Keith McNally may be enjoying some schadenfreude right about now.
It turns out that the Restoration Hardware store that ejected McNally's popular restaurant Pastis from its very successful Ninth Avenue home is running into some legal problems of its own. We aren't talking about the initial contractor whose principals are awaiting trial regarding the death of a 22-year old worker in the construction site's excavation pit last year. The current problem that the store faces is that it is nearly six times the size of any retail store that the site is zoned for, and the Department of Buildings has not yet issued an exemption.
According to the D.O.B., the maximum size of a retail store for the building being gut renovated and expanded at 9-19th Ninth Avenue is 10,000 square-feet. The store planned for the site is 58,659-square-feet, which is somewhat larger to say the least. DNAinfo reports that the developers of the site were informed in early March of this year that their permits would be revoked for failure to comply with city code. In addition, the nature of the business was misrepresented as an "interior decorating establishment" which, oddly enough, would only be allowed to take up a mere 750 square-feet in such a structure according to current zoning laws. Construction has not been halted, because the developer immediately engaged the D.O.B. to resolve the dispute, but it has been over four months since the notification without resolution. If discussions fall through, the construction will be immediately halted not because the building is not up to code, but because its intended use is.

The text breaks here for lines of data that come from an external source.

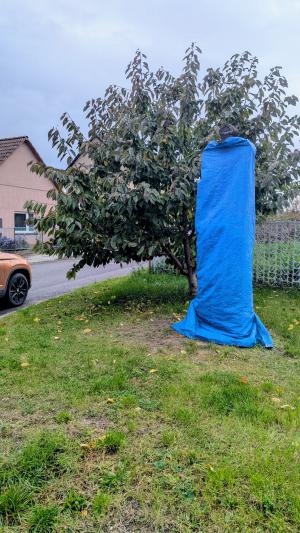 Boží muka - restaurátorské práce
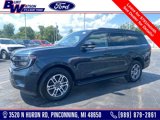 New 2025 Ford Expedition Active image 1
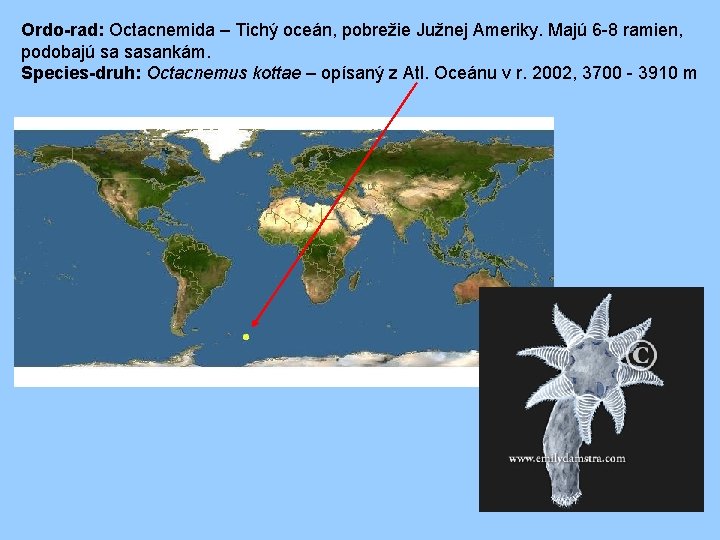 Ordo-rad: Octacnemida – Tichý oceán, pobrežie Južnej Ameriky. Majú 6 -8 ramien, podobajú sa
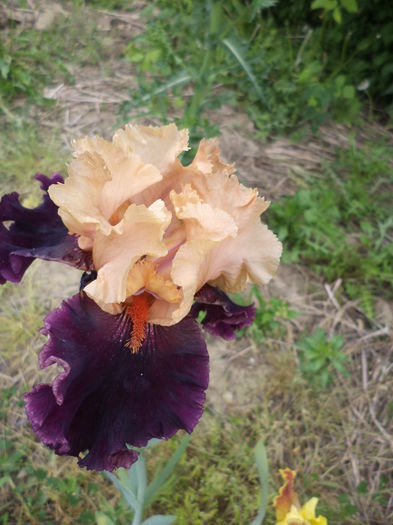 DSC03726 - ANUL 2015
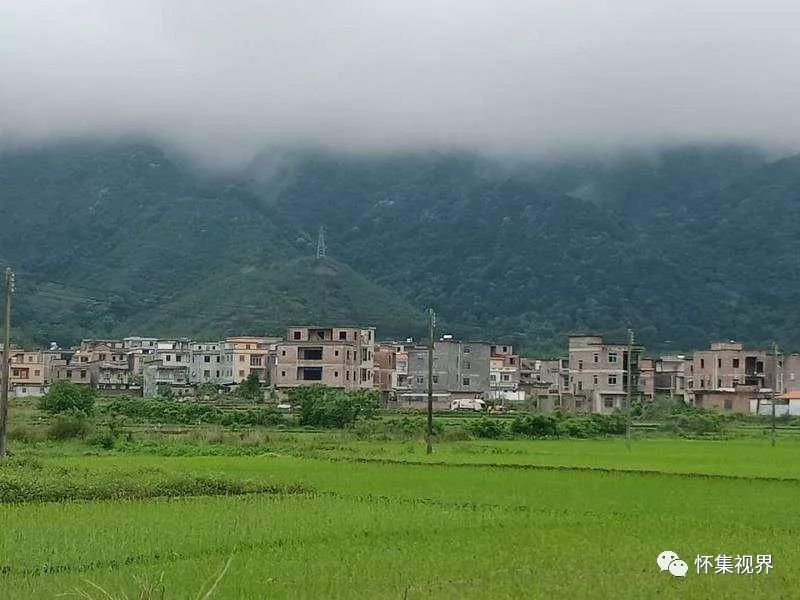 邯郸广平县东张孟乡张洞村人口_邯郸广平县富硒(3)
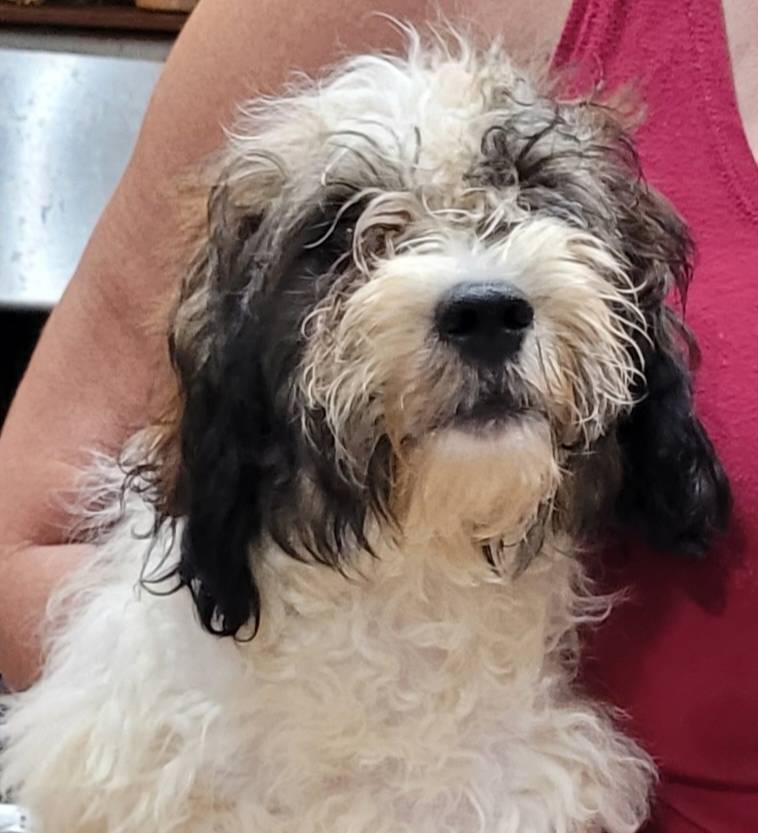 Rossi, a male Cavapoo for sale in Chiefland, FL – Photo 5 of 6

Since the talks are apparently continuing, its a good bet that the store will eventually open as planned, but possibly with some concessions that are yet to remade clear. It has been known for quite some time that the store intended for the site was meant to be extremely large, but it is not yet a done deal. At the moment, it's not out of the question that Restoration hardware may either have to settle for a smaller store sharing the building with other retailers or pull out entirely and find a suitable site to build the flagship it had intended.